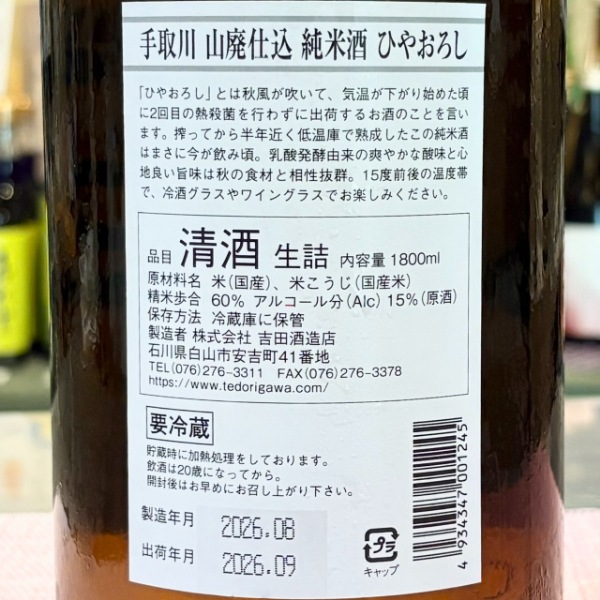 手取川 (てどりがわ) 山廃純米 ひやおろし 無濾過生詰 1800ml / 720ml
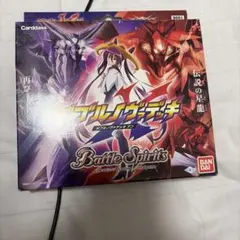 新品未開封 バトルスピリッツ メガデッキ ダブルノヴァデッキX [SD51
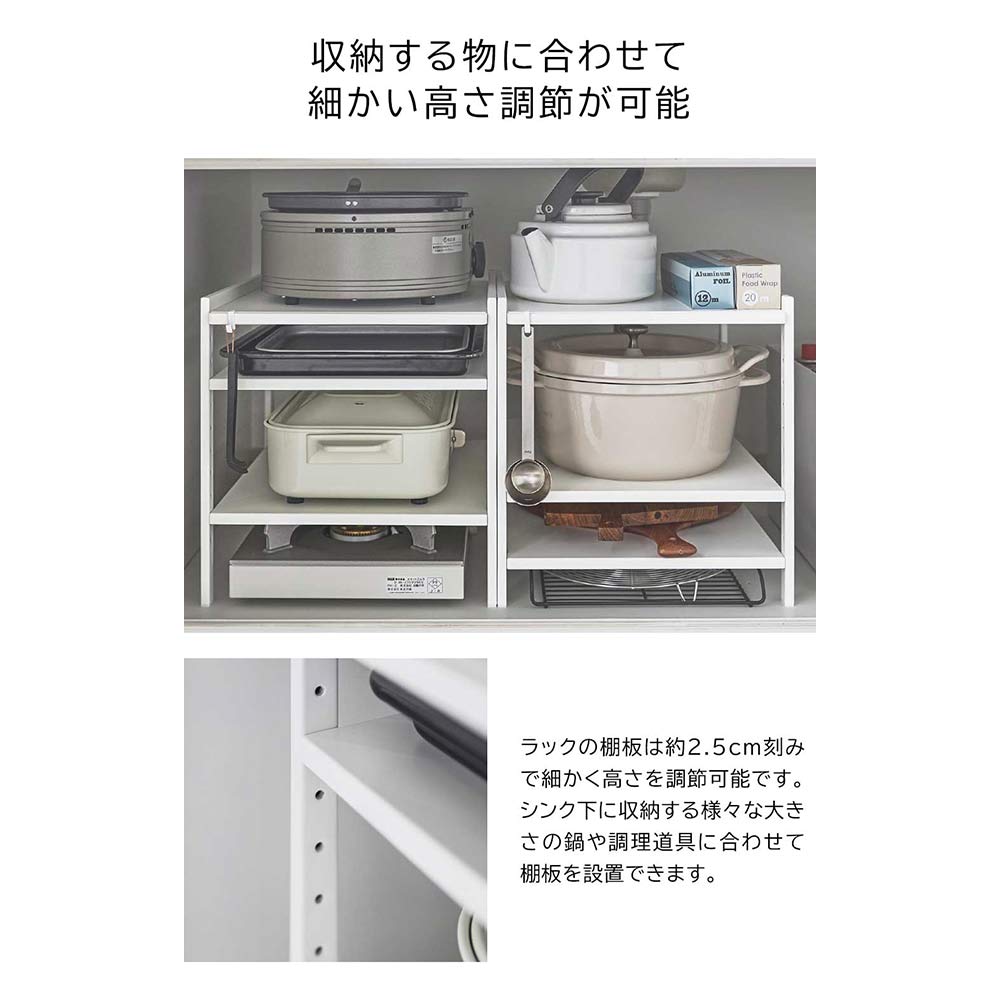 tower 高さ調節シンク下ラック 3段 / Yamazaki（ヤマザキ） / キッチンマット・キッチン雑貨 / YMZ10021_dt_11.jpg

● **Instructions to follow**
Retype the data above exactly; pictures are not part of the copy.

● **Answer for this exercise**
 手取川 (てどりがわ) 山廃純米 ひやおろし 無濾過生詰 1800ml / 720ml
 新品未開封 バトルスピリッツ メガデッキ ダブルノヴァデッキX [SD51
 tower 高さ調節シンク下ラック 3段 / Yamazaki（ヤマザキ） / キッチンマット・キッチン雑貨 / YMZ10021_dt_11.jpg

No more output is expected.